Mitos #4: Video Game Secara Inheren Buruk
“Video Game” yang ditulis besar telah menerima pujian buruk dari orang tua, yang hanya melihat penekanan tombol tanpa berpikir, dan politisi, yang hanya melihat kekerasan serampangan. Tapi menggabungkan permainan seperti Minecraft dengan permainan seperti Red Dead Redemption mengabaikan kenyataan bagaimana video game mempengaruhi anak-anak.
Memang benar bahwa komunitas psikologi anak berkonflik mengenai efek kekerasan dalam video game. Tetapi tidak semua video game mengandung kekerasan. Selain itu, alasan video game kekerasan dapat mengarah pada kekerasan adalah karena video game tersebut bertindak sebagai simulator. Dengan memilih permainan yang tepat, orang tua dapat mengubah kekuatan simulasi menjadi sesuatu yang positif bagi anak-anak mereka.
Penelitian telah menunjukkan bahwa video game cepat dapat meningkatkan kecepatan membaca pada anak-anak disleksia game berbasis strategi mempromosikan keterampilan memecahkan masalah, dan game membangun dunia seperti Minecraft mempromosikan kreativitas. Akhirnya, mengendalikan karakter utama dalam video game mendorong anak-anak untuk melihat dunia melalui mata mereka dan dapat membantu membangun kecerdasan emosional. Seperti buku dan acara TV, video game juga dapat digunakan sebagai alat belajar.

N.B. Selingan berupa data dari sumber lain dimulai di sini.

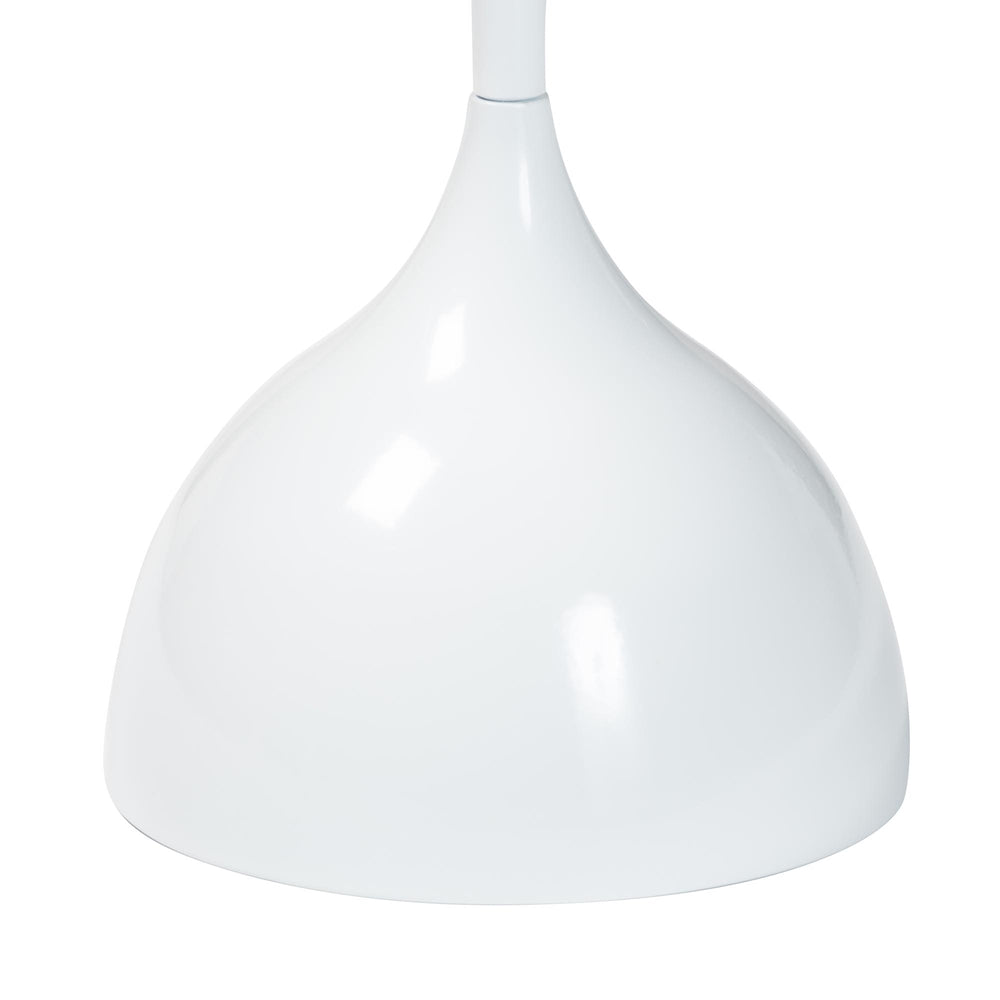 Webb White Metal Pedestal Side Table - Modern Accent Table with Round Tray Top for Indoor or Semi-Outdoor Use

Tetapi seperti halnya televisi dan buku, video game mendapat manfaat dari keterlibatan orang tua. Masalah perilaku antisosial yang terkait dengan game kemungkinan besar disebabkan oleh fakta bahwa orang tua membiarkan anak-anak masuk ke dunia virtual mereka sendiri dan tanpa bimbingan. Bahkan, orang tua akan lebih baik bergabung dengan mereka di dunia itu, terlepas dari menghiburpilihan.
Anak-anak mendapat manfaat dari orang tua yang mengakui prestasi dalam menguasai permainan, dan orang tua akan lebih berempati dan kurang waspada terhadap anak-anak mereka. perilaku bermain anak-anak jika mereka mengenali upaya yang mereka lakukan untuk mencapai tugas yang sulit — bahkan jika tugas itu ada di dunia digital.